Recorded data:
☆ ☆ ☆ ☆ ☆ ☆ ☆
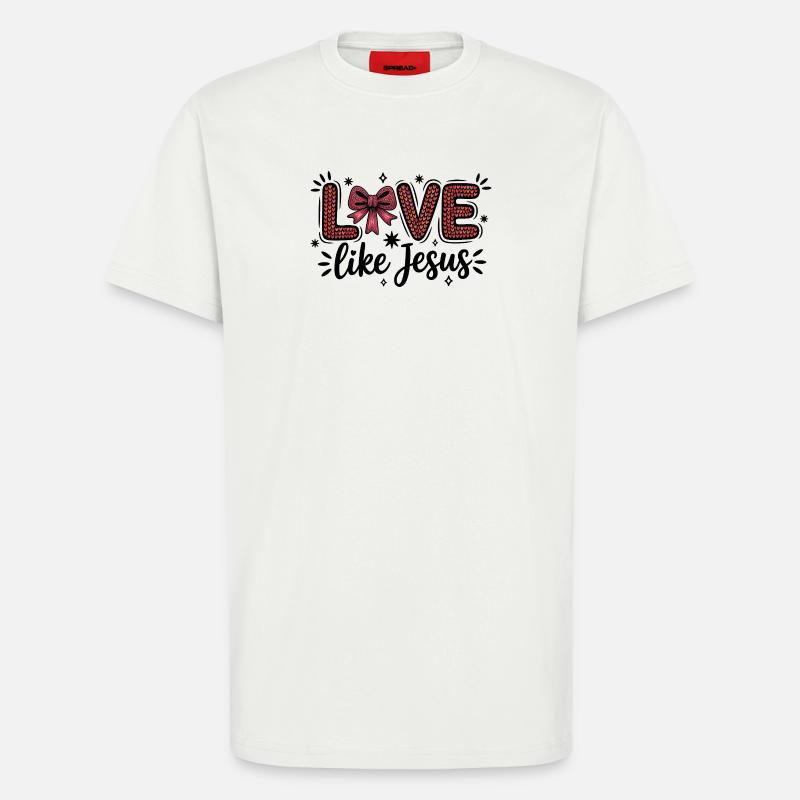 Love Like Jesus Heart Scripture Bow - T-Shirt - made by SPREAD - OFF WHITE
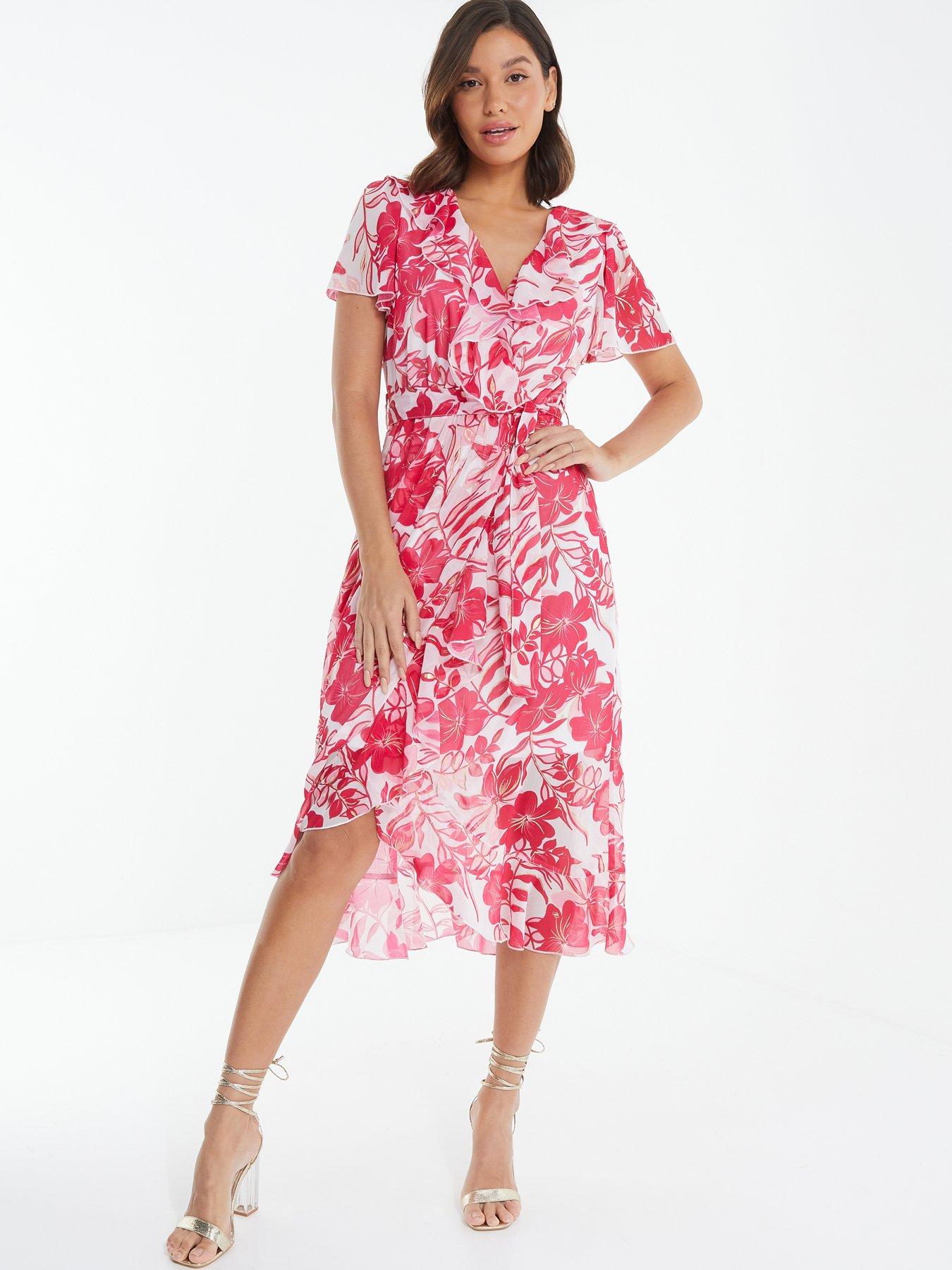 quiz-floral-chiffon-wrap-midi-dress-pink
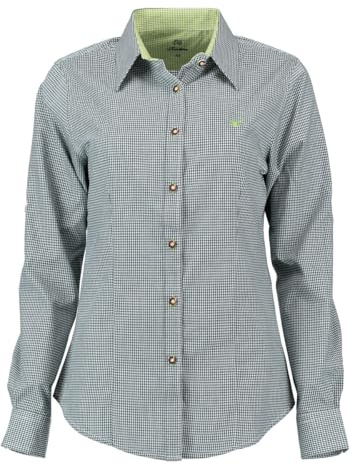 OS Trachten Damen Bluse Langarm Trachtenbluse mit Liegekragen Ututu
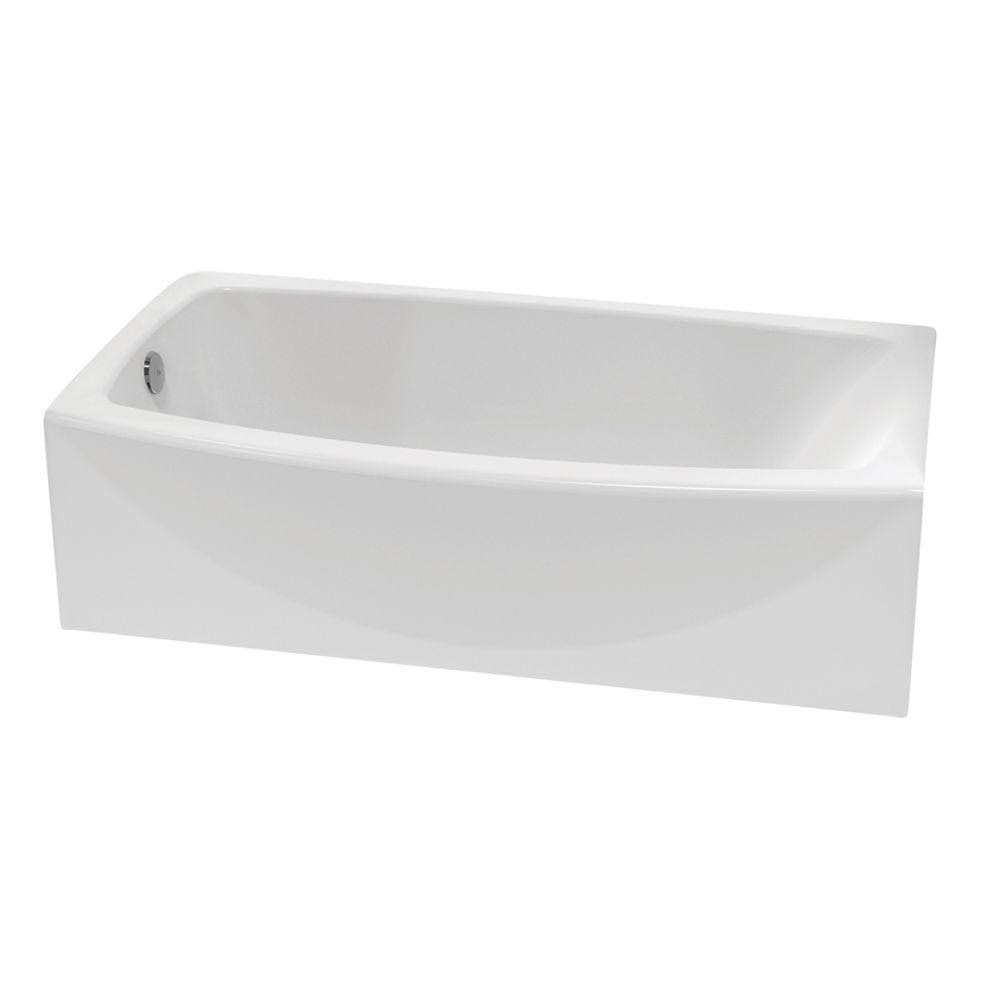 Left Drain Bathtub in Arctic White R518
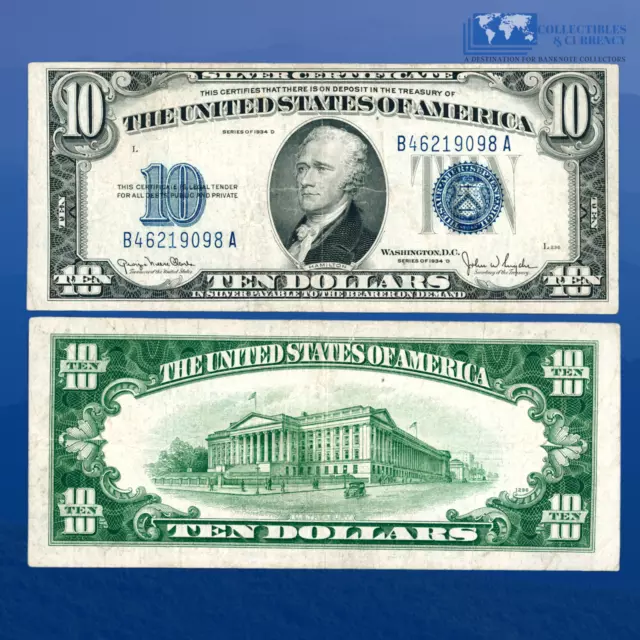 1934D $10 Ten Dollars Silver Certificate Blue Seal, Very Fine Condition #19098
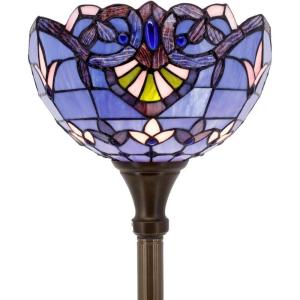 imageWERFACTORY Tiffany Floor Lamp Blue Purple Baroque Stained Glass Light 12X12X66 Inch Pole Torchiere Standing Corner Torch Uplight Decor Bedroom Living Room Home Office S003C Series Blue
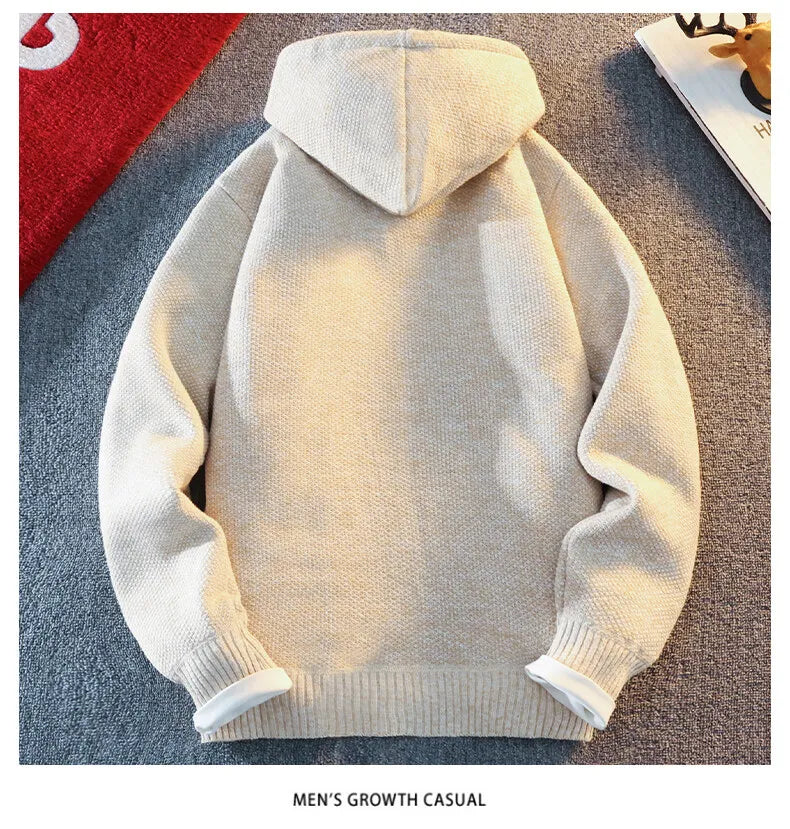 Classic Men's Knitted Sweater Cardigan Hooded Jackets Casual Streetwear Full Zip Cardigans Jackets Coat Badiee Stylez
☆ ☆ ☆ ☆ ☆ ☆ ☆
ASSIGNED TASK >> An exact copy is needed of every line from the one holding "imageWERFACTORY Tiffany Floor" to the end of the entries above, both ends kept and each picture dropped.

WRITTEN RESPONSE >>
 imageWERFACTORY Tiffany Floor Lamp Blue Purple Baroque Stained Glass Light 12X12X66 Inch Pole Torchiere Standing Corner Torch Uplight Decor Bedroom Living Room Home Office S003C Series Blue
 Classic Men's Knitted Sweater Cardigan Hooded Jackets Casual Streetwear Full Zip Cardigans Jackets Coat Badiee Stylez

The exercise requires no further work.